傾ける大地-46

   四十六

 開票のあった翌日、カフェ東洋亭を自分の家のやうにしてゐる細見と服部は、いつものやうに日暮れ方、東洋亭に足を向けた。そしていつに似ず、二階座敷の賑やかなのに気が付いて、女給のお花に尋ねた。

 『今日は何ぢゃね?』
 さう云ひながら服部は、二階に上る階段の下に竝べられた沢山の下駄を見つめた。
 それを聞いたお花は、にたにた笑ひながら服部に答へた。

 『凱旋祝やがなア、あんたも上って行きなさい』
 『凱旋祝って何ぢゃい?』
 『勝った方の当選祝だすがな』
 『杉本来てるか?』
 『いや来て居らりゃしまへん。おけいさんに顔を合はすのが厭と見えて、来てやないのやろ、あんたがあんなことを書くよってに』
 二階では歓声が挙ってゐた。そして折々大勢の拍手の音が聞えた。
『癪に触るなア』

 服部はさう云ひながら、細見の腰を下してゐる隅のテーブルに近寄って行った。おけいが二階から降りて来た。それを服部が呼び寄せた。

『おけいさん、誰々が来てゐるんぢや?』

 胸の上に帯を〆めたおけいは、白いエプロンを、ほんの型ばかりにつけてその紐を背中で蝶々に結び、白粉で頚を真白に塗り、眼の周囲を紅で紅く彩ってゐた。彼女は服部に答へようともしなかった。二人が見てゐる前で、懐から美しいコンパクトを取り出し、小さい化粧鏡に見入った。そして口を喰ひ縛ったり、白粉の刷毛を頬ぺたの上にはたき付けたり。お窶(やつ)しに一生懸命になってゐる。

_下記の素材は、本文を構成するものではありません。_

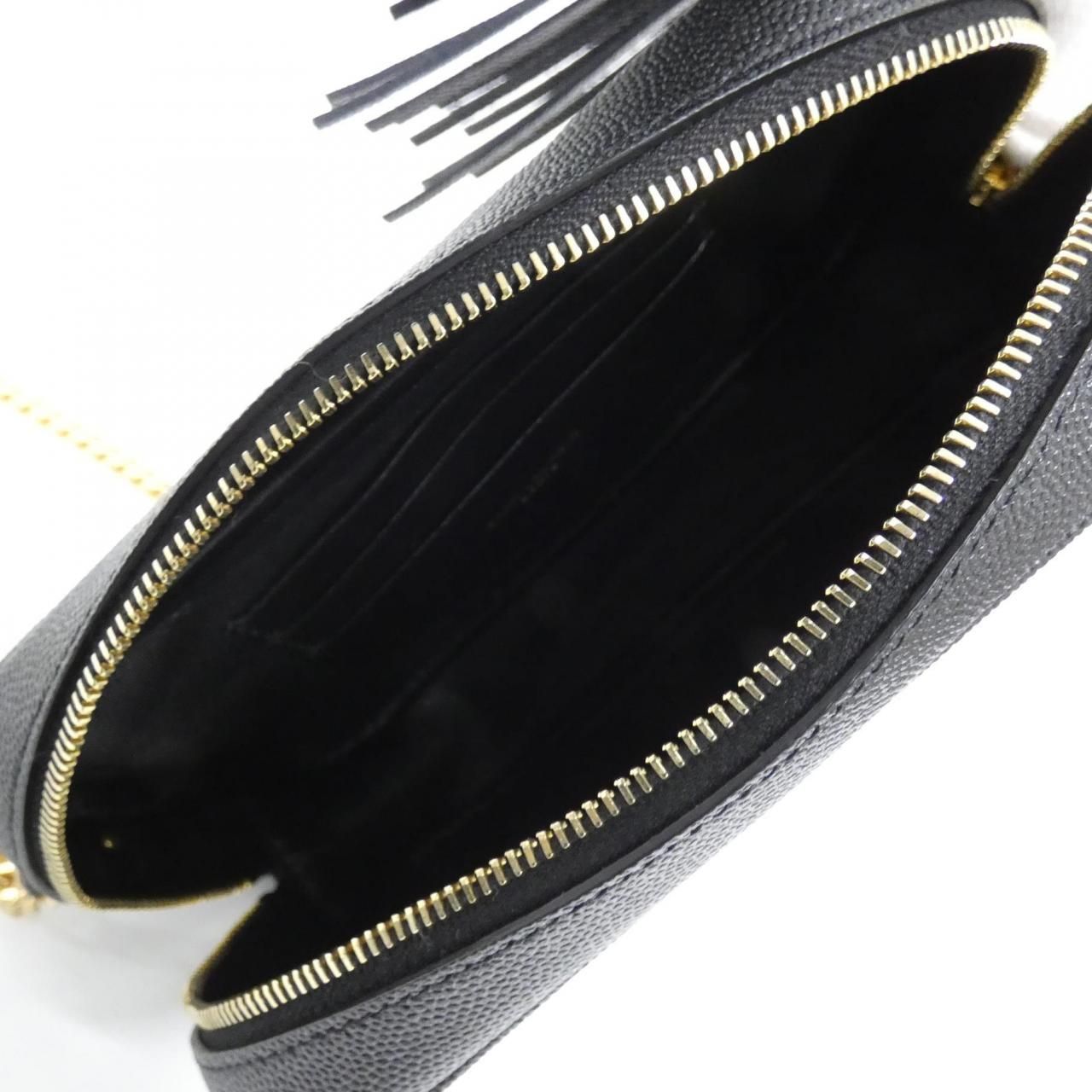 Saint Laurent Lou Shoulder Bag — view 6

 細見はおけいの横顔を見つめながら、冷かすやうに云うた。
『今夜は杉本さんも来ないのに。そんなにおやつしをしなくてもいいぢやないか』
 それに対して眉の上を人さし指で撫で付けながら、おけいは答へた。
『いゝわよ、杉本なんか。もうラヴしてゐやしないわよ』
『お前は女優になるって云ふが、本当か?』
『そんな事どうでも可いぢゃないの』
『あれから杉本に返事書いたか?』
 服部は冷かし半分に尋ねた。

『知らないわ。あんな肺病患者に手紙書いて耐(たま)るもんか!』
『だってお前も、一時は杉本に熱中してゐたぢやないか!』
 服部は折返しさう叫んだ。
『そりゃ女だもの、惚れる時には惚れるのさ。然しあんな乞食小屋へ嫁に行ったって、仕方がないぢゃないの。化粧水の一瓶だって買ってくれやしないわ』

 おけいは鏡に目を据ゑて、頻って頚の辺りの白粉の延び加減を気にしてゐる。
『おい、おけい、今夜誰が来てる? 三上さん来てゐるか?』
『三上さんって誰?』
『お前、三上さんを知らんのか。あのお医者さんよ』
『あの髯の・・・あの人なら来てゐないよ。助役の田島さんに、胡麻塩頭の衛生組合の人に、それにいつも黒の厚司を着て来る人がありますやないか』
『あゝ、榎本と堤か、あの騒動の時に。よく此処に来た若い人だらう! あの人も来てゐるか? 今夜も厚司を着てゐるか?』
『いゝや、今夜は上等の洋服を着て居られますわ。そりゃ議員さんやもの、黒の厚司ぢゃうつらんわなア』
『宗旨変へしよったな』

 二階では余興が初まってゐるらしい。拍手と歓声が相次いで起る。お花が段梯子を降りて来た。
『おけいさん、ちょっと検番に電話かけて頂戴! 芸者はん五人と、舞妓はん三人。大至急東洋亭まで』
 おけいは慌しく化粧袋を懐に捩(ね)ぢ込み、電話口まで走って行った。
『誰々呼んだらいゝのやろなア」
 独言のやうにさう云ひながら検番に電話をかけた。おきんが二階から飛び下りて来た。